Asaf Nissenbaum – “Internet memes as contested cultural capital: The case of 4chan’s /b/ board”

According to Milner’s idea about “right” and “wrong” memes, how can we decide if memes are right or wrong?   

Henry Jenkins, Sam Ford and Joshua Green – “Introduction: Why Media Spreads” 

According to this citation: “For instance, the Susan Boyle video was widely shared because the participating public is more collectively and individually literate about social networking online?” How can the public be more individually as well as collectively literate about social networking online? 

Kate Miltner and Tim Highfield – “Never Gonna GIF You Up: Analyzing the Cultural Significance of the Animated GIF”

How does the endless looping repetition contributes to the relaying of multiple levels of meaning in a single GIF?

Week 3

My questions about the texts

To what extend can watching vids be seen as a participatory practice?

To what extend can Jenkins’ text be seen as an objective one, mentioning that he explicitily says in his text about fandom that he is a fan himself?

What is the difference between the two concepts Adrienne Shaw mentions in her part of the text, margins and perifphery?

Week 4

My questions about the texts

What are the requirements to use online data as data for your research?

In the text the author applies the discourse analysis on a political speech. To what extent does the analysis on this case study differs from an analysis on an online community?  

To what extent can antifans be seen as active participants?

To what extent contribute images to a discourse analysis, which is in my opinion more focused on language?

Week 5

My questions about the texts

Why do online social movement leaders want to stay anonymous while traditional social movement leaders wouldn’t?

“But at the same time, these forums are highly exclusionary at the level of rhetoric and access, which pushes them outside the realm of the democratic.” How does this exclusion, mentioned by Nico Carpentier works?

Why is it difficult to avoid the conclusion that the politics of the text are thoroughly reactionary, when you choose to approach the storyworld from the perspective that narrative closure is decisive when interprting a text’s ideological meaning?

Week 6

My questions about the texts

“The Ukrainian government’s utilization of unpaid and externally compensated digital labor is made possible by a confluence of economic, discursive, and technological factors.” What are these factors?

“Since the start of the Wikipedia project in 2001, the dedication of its contributors, as well as the group effort as an alternative to the professional expert approach, have been sources of both excitement and criticism.” What is this excitement and criticism about?

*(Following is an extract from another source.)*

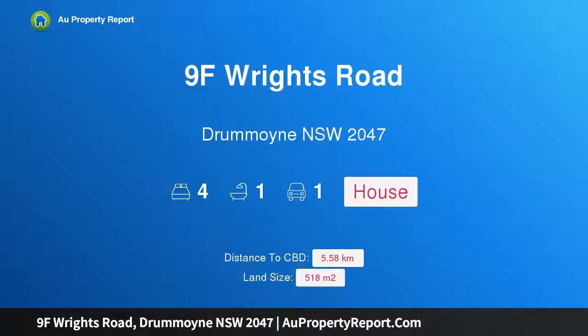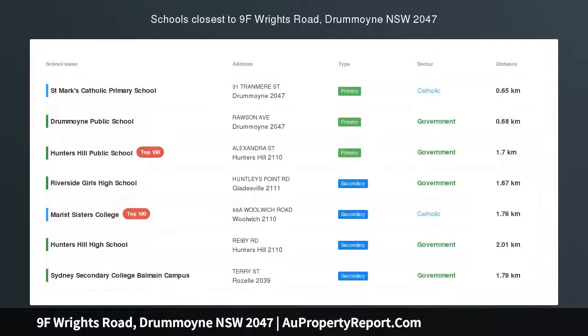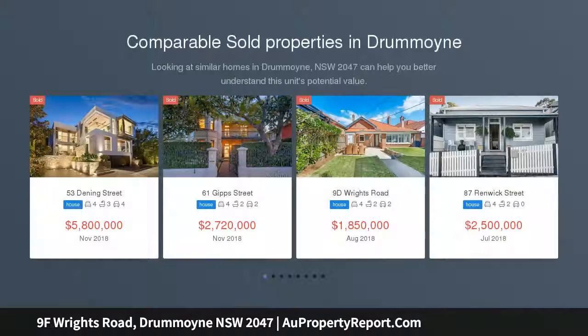Hi, I am glad to introduce Property 9F Wrights Road, Drummoyne, New South Wales 2047. Pretty as a picture, framed by beautiful gardens, this delightful Federation residence makes a superb family sanctuary just metres from Drummoyne Village.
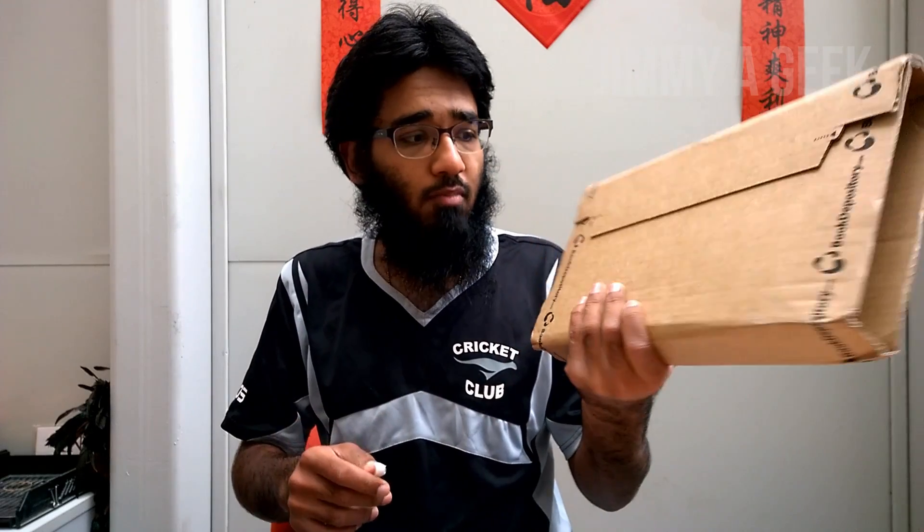Hi guys, it's me Jimmy Geek. Today I'm going to do an unboxing and review of the best networking book in the world. Guess what — which book can it be?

“… innovation communities, or whatever the nomenclature – existed prior to the arrival of the web, as Surowiecki (2004) notes throughout his book.” Can a form of crowd sourching exists offline, without the interet?

My findings on Wikipedia

For this exercise I analyzed the discussion section of the Wikipedia page of Michael Jackson. The participants on this section, discuss different kinds of aspects. Mostly, the truthfulness of facts is discussed. There is a big discussion on the dead of Michael Jackson on the time he died. The participants were sharing sources about his dead. After some discussion they find the right sources which showed when he actual died. The relevance of information is also something which is talked about on the page. The participants exclude rumors and favor information based on sources. Besides this the participants discuss the neutrality of the text. The discussion shows that neutrality in relation to this music artist is important. The lay out of the page is also a topic on the discussion section.

Week 7

My questions about the texts

Are active participatory children a product of the digital age, or did this active behaviour on a young age exist before in different way?

To what extend differs education in media literacy for migrants from education in media literacy for non-migrants?